I think we should probably use a case-insensitive collation and sacrifice the ability to put utf8mb4 in these fields. That seems like the smaller price on the balance, by a wide margin.

epriestley renamed this task from @mention detection in comments broken for *some* users to Collation of "sort" columns in MySQL prior to 5.5 causes uppercase/lowercase problems.Feb 26 2015, 3:14 PM

This is relatively simple to fix, but we need to:

  • Make sure that ALTERing a binary collated column which contains utf8mb4 characters into utf8 column succeeds with --unsafe.
  • Make sure that the messaging in this case reasonably points users toward --unsafe.
  • Accept some possible breaks in Phriction documents, Project slugs, Phame posts, etc., which have utf8mb4 characters in them.
    • Even most of the "bad" cases here aren't major, but fields like slug and phameTitle might break URLs.
  • Write the setup warning about old MySQL.

Make sure that ALTERing a binary collated column which contains utf8mb4 characters into utf8 column succeeds with --unsafe.

It does.

Make sure that the messaging in this case reasonably points users toward --unsafe.

We hit error "1366 Incorrect String Value", which is already described in the documentation.

Accept some possible breaks in Phriction documents, Project slugs, Phame posts, etc., which have utf8mb4 characters in them.

Because --unsafe truncates data, this could create problems.

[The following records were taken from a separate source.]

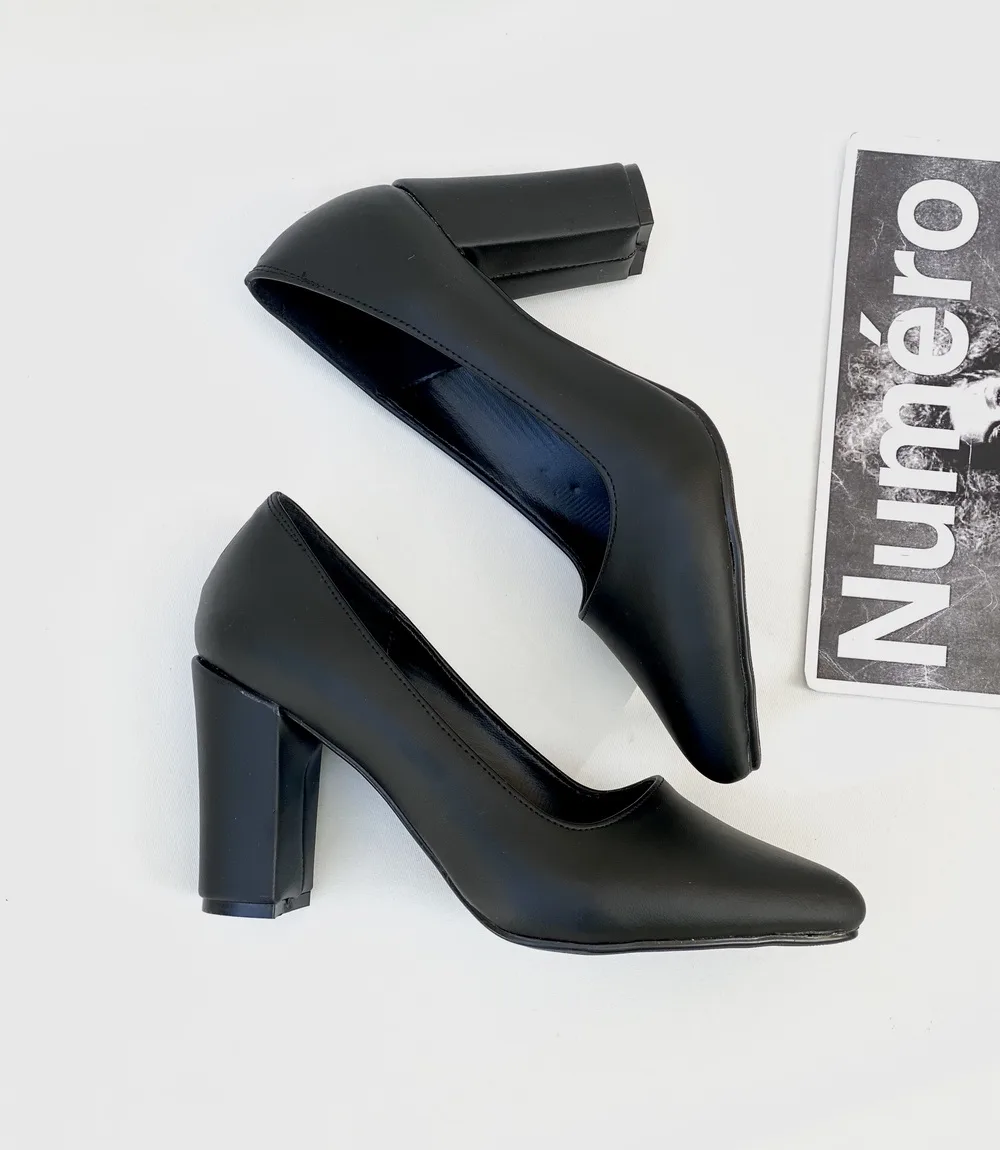 IMG_4632 کفش مجلسی زنانه مشکی پاشنه مبلی - Image 1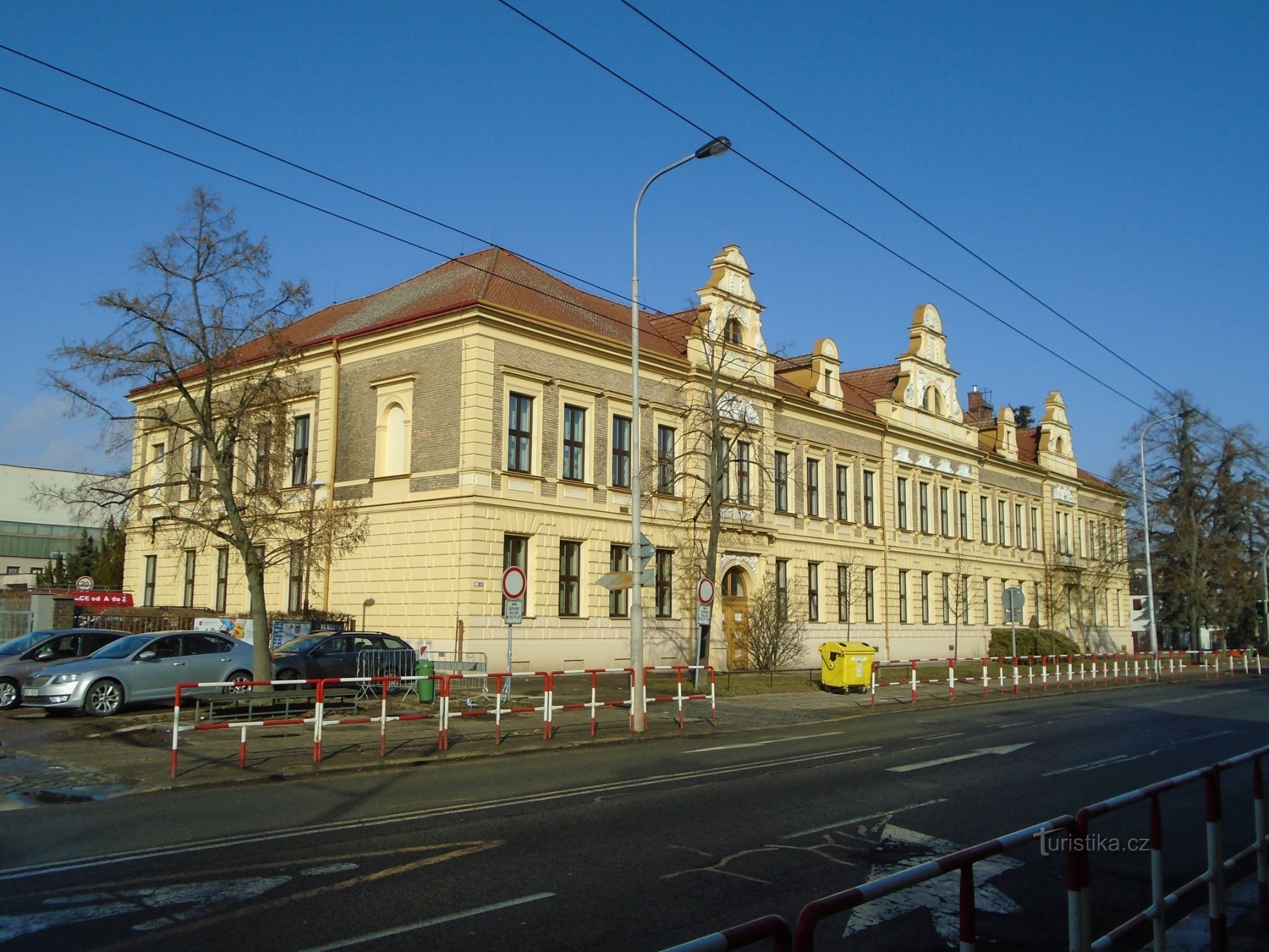Aspect actuel de l'école générale de Kukleny (Hradec Králové, 8.2.2019 février XNUMX)
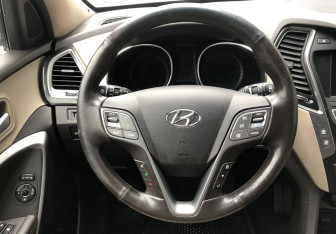 Подержанный автомобиль Hyundai Santa Fe 2014 года (13 фото)
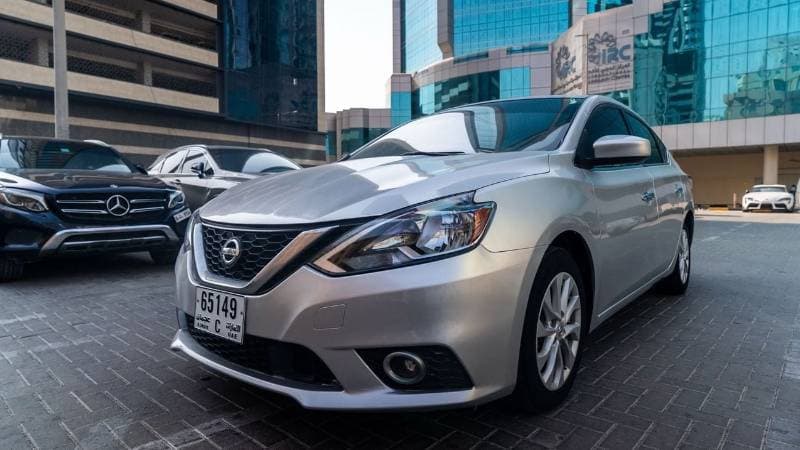 2019 Nissan Sentra S thumbnail 2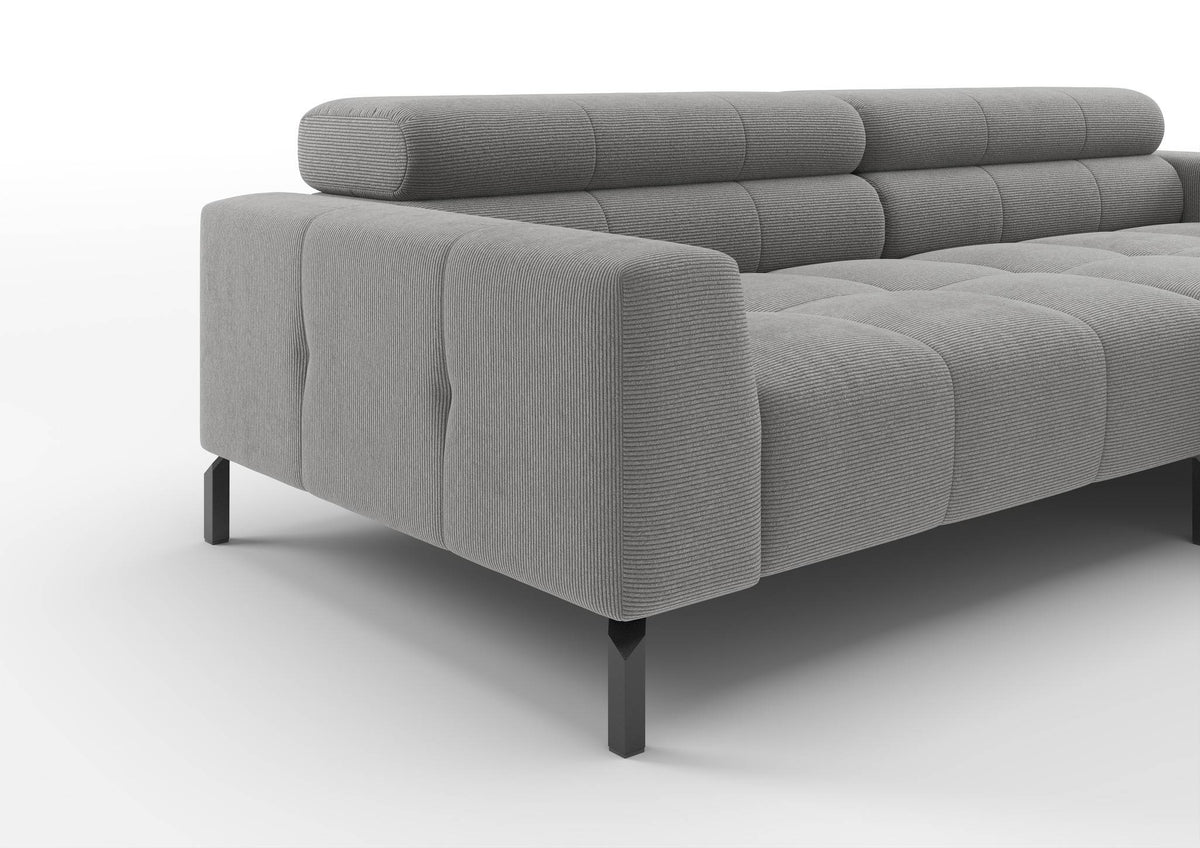 Kalmar Ecksofa kompakt mit Ottomane in Feincord Grau – Detail Armlehne und Fuß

For example, if you have two Phriction documents named:

  • Animal ? Splish Splash
  • Animal ? Meow Meow

...they will probably have slugs like:

  • animal_?_splish_splash
  • animal_?_meow_meow

...and truncate to:

  • animal_
  • animal_

...when migrated. This will fail the unique key constraint, and stop the adjust with an error message. There's nothing we can do about this except point installs here and walk them through massaging the data so it can be migrated.

There's a similar problem if you have multiple values which are unique in the binary collation but nonunique in the utf8_general_ci collation, like "ALincoln" and "alincoln". They will collide after changing the collation, violate the unique key constraint, and fail to adjust. Again, we just have to walk installs through massaging the data. I don't think we can reasonably do anything automated here.

The good news is that these cases should be very rare, hopefully, and the failure just prevents the adjustment from moving forward (it does not stop the install from working).